12. Telemedicine Continues to Grow
Healthcare consumers demand excellent customer service and experiences. They’re fed up with long waits, confusing medical information, and poor communication. If you want to grow your medical practice, you must be able to deliver exceptional patient experiences. Your brand’s reputation—and future—depends on it.
Many medical practices and marketers are turning to telemedicine to help them meet these increasing demands and improve patient satisfaction. The telemedicine market is growing rapidly and is expected to reach $130.5B by 2025.
With telemedicine, they’re able to provide excellent medical care and also increase engagement with their patients. Instead of scheduling appointments months apart, doctors can check in on patients regularly.
This has been a boon for mobility-impaired individuals and rural communities, where it’s often difficult to access medical providers. Instead of driving hours to a specialist, patients are able to talk with their doctors from the comfort of their homes. Doctors are able to easily follow up with their patients to ensure that they’re following their treatment plan.

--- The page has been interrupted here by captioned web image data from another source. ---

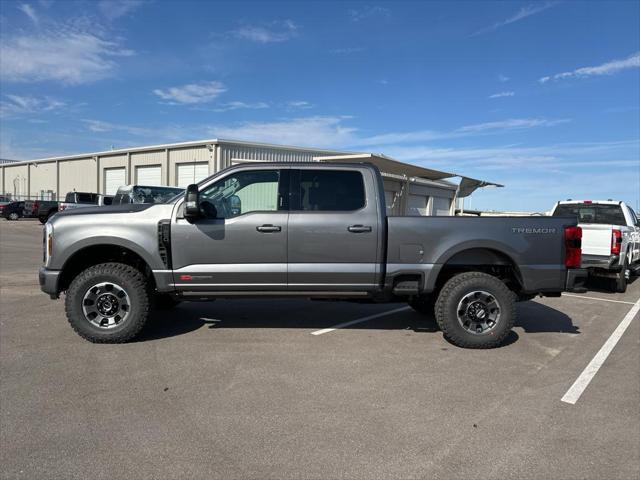 new 2024 Ford F-250 car, priced at $89,990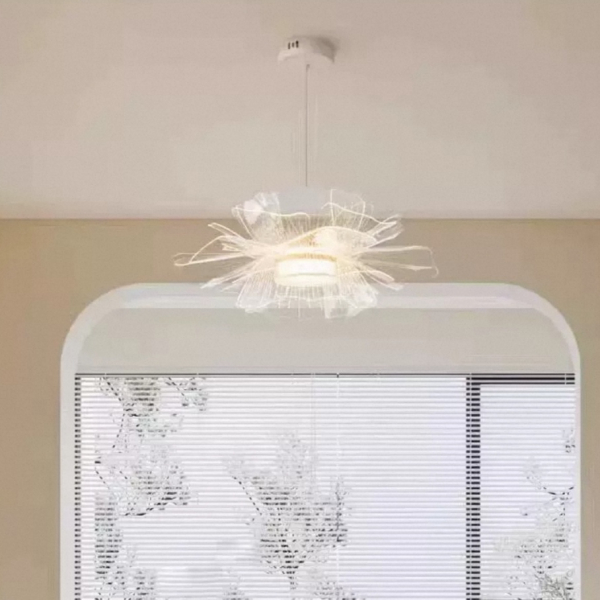Подвесной светильник FLOWER LED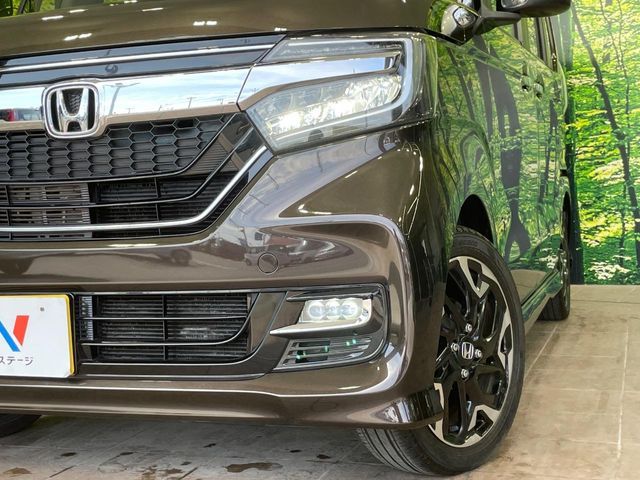 HONDA N BOX CUSTOM 2018 Image 31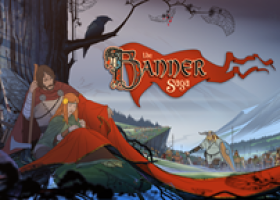 The Banner Saga Launches on PC and Mac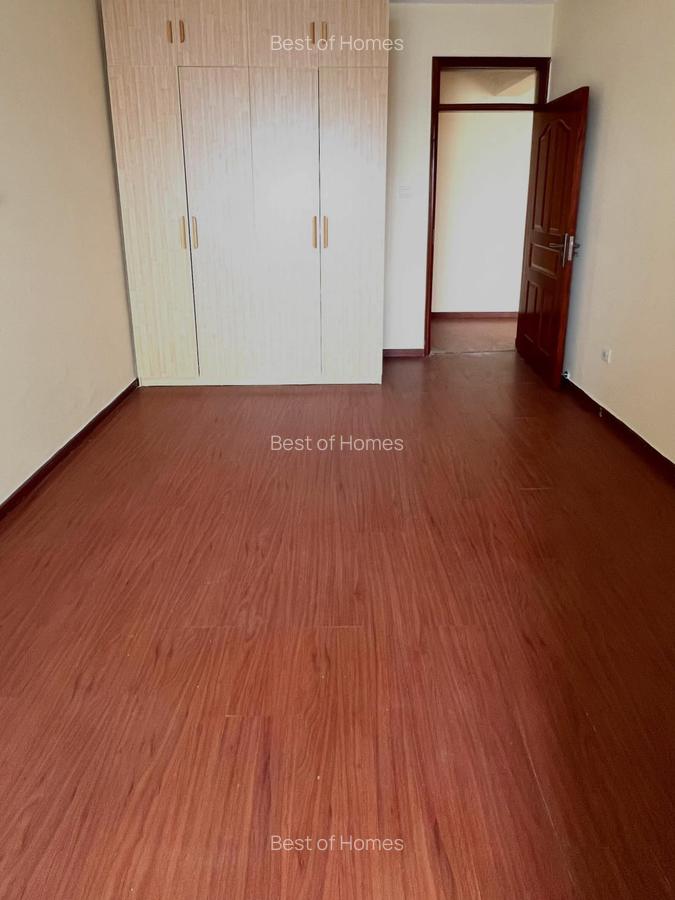 3 Bed Apartment with Parking in Lavington - 8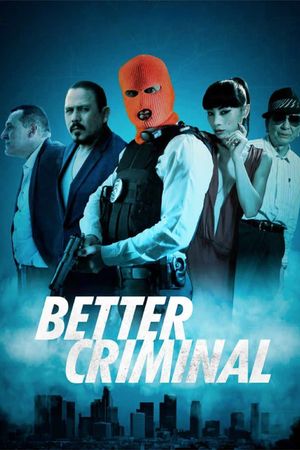 Better Criminal's poster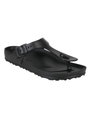 Holster Zehensandale Coastal schwarz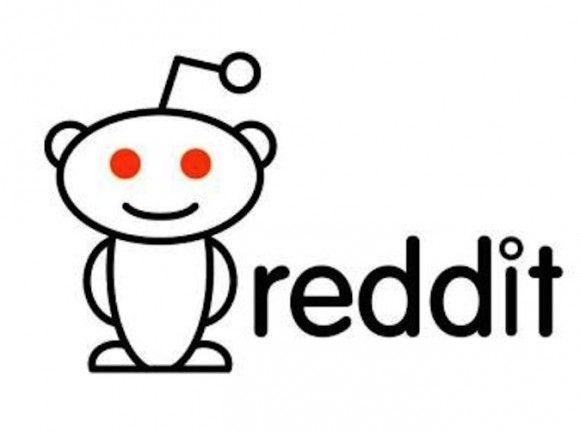 Reddit Logo - Reddit Hacked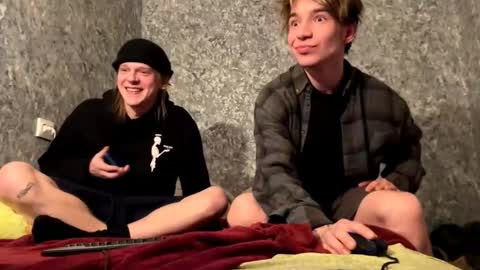 Nick online show from January 18, 2026, 1:59 pm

While telemedicine has been around for many years, many people are still skeptical of it. They’re unsure of the quality of care that they’ll receive and may doubt that a doctor can properly treat them remotely. Marketers play an important role in shaping perceptions about telemedicine and increasing its adoption.
Embrace the Trends and Prepare for Growth
Times are changing rapidly and patients have access to an incredible amount of information. It’s now easier than ever to review different healthcare providers and find the one that fits your requirements. Websites like WebMD have also made the continuum of care more accessible, realizing that the main concern of a modern patient is to get high-quality service at a reasonable price.
Hospitals and medical practices are doing all they can to ensure that their customers are satisfied and that they’re delivering a positive patient experience.